Tras el desplazamiento forzado de los armenios de Artsaj, muchos en Armenia buscan respuestas, algunos impulsados por el dolor, otros por la culpa y otros por la obsesión de olvidar. Entre ellos se encuentran cientos de hombres y mujeres de cuarenta años nacidos en Artsaj que ahora viven como refugiados en Armenia. Tenían cinco años a principios de la década de 1990 cuando el pueblo armenio salió a las calles exigiendo la unificación de Artsaj con Armenia. No recuerdan nada de aquello, no tomaron ninguna decisión, no asumieron ninguna responsabilidad. Pero hoy están pagando el precio, escribe el exministro de Asuntos Exteriores armenio Vartan Oskanian en su nuevo artículo.
¿Cuál fue su culpa? ¿El de haber nacido armenios en Artsaj? ¿De haber confiado en una nación y un estado que una vez se unieron en torno a la idea de que el pueblo de Artsaj tiene derecho a la autodeterminación y que, con el tiempo, debería convertirse en parte integral de Armenia?
Desde 1991, todos los gobiernos de la República de Armenia han heredado la responsabilidad legal y moral del Estado. Los gobiernos pueden cambiar, los líderes pueden ir y venir, pero el Estado permanece, y con él, sus obligaciones. La continuidad de la condición de Estado exige ser fiel a los compromisos, valores y objetivos que configuran la identidad y la trayectoria histórica de la nación.
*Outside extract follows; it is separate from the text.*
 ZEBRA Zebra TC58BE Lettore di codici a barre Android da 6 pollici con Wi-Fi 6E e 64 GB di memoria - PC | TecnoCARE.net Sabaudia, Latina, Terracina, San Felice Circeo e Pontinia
Es moralmente inaceptable y políticamente ruinoso afirmar, como dicen algunos hoy, que la República de Armenia ya no tiene obligaciones con Artsaj, simplemente porque los líderes actuales quieren olvidar el pasado. No se puede abandonar una causa que el propio Estado ha impulsado.
El abandono actual es aún más reprensible e inaceptable debido a las declaraciones y posturas personales de Nikol Pashinian. En los primeros años de su llegada al poder y tras la guerra de 44 días, fue una de las figuras más inflexibles en la cuestión de Artsaj. Sus palabras eran rotundas, incluso extremistas. Se plantó en Stepanakert y declaró: «Artsaj es Armenia, y punto». Casi cerró todas las puertas a las negociaciones y aumentó las expectativas, no solo entre los armenios de Artsaj, sino también entre su propio electorado, de que Armenia nunca se rendiría. Pero fue durante su liderazgo que ocurrió lo increíble: el colapso total de Artsaj y el mayor desplazamiento de armenios de los últimos tiempos.
Esto no fue una tragedia inevitabilidad. Fue una abdicación no solo del papel histórico de Armenia, sino también de su responsabilidad en materia de seguridad hacia sus propios ciudadanos y compatriotas.
Puede haber diferentes administraciones en Armenia, pero ningún gobierno tiene derecho a abandonar una causa que ha sido el eje de la identidad y la legitimidad moral del Estado. La historia de cuarenta años de los refugiados de Artsaj no es solo una tragedia personal: es una crítica a las autoridades armenias actuales, un gobierno que ha perdido el rumbo, la conciencia y la razón. Y es, sobre todo, el fracaso político y moral de un hombre: Nikol Pashinian. Un hombre que tuvo todas las oportunidades, poderes y advertencias, pero eligió el camino de la negación, el silencio y la derrota.
La historia lo juzgará con severidad. Pero nuestro juicio no debe esperar el veredicto del tiempo. Ya ha comenzado y debe continuar con mayor determinación: en los debates públicos, en nuestra memoria colectiva y en nuestra firme convicción de que el Estado armenio no puede abandonar la cuestión de Artsaj, en cuyos orígenes se encontraba él mismo y cuyo dominio continuo es responsable y portador de la tragedia nacional actual.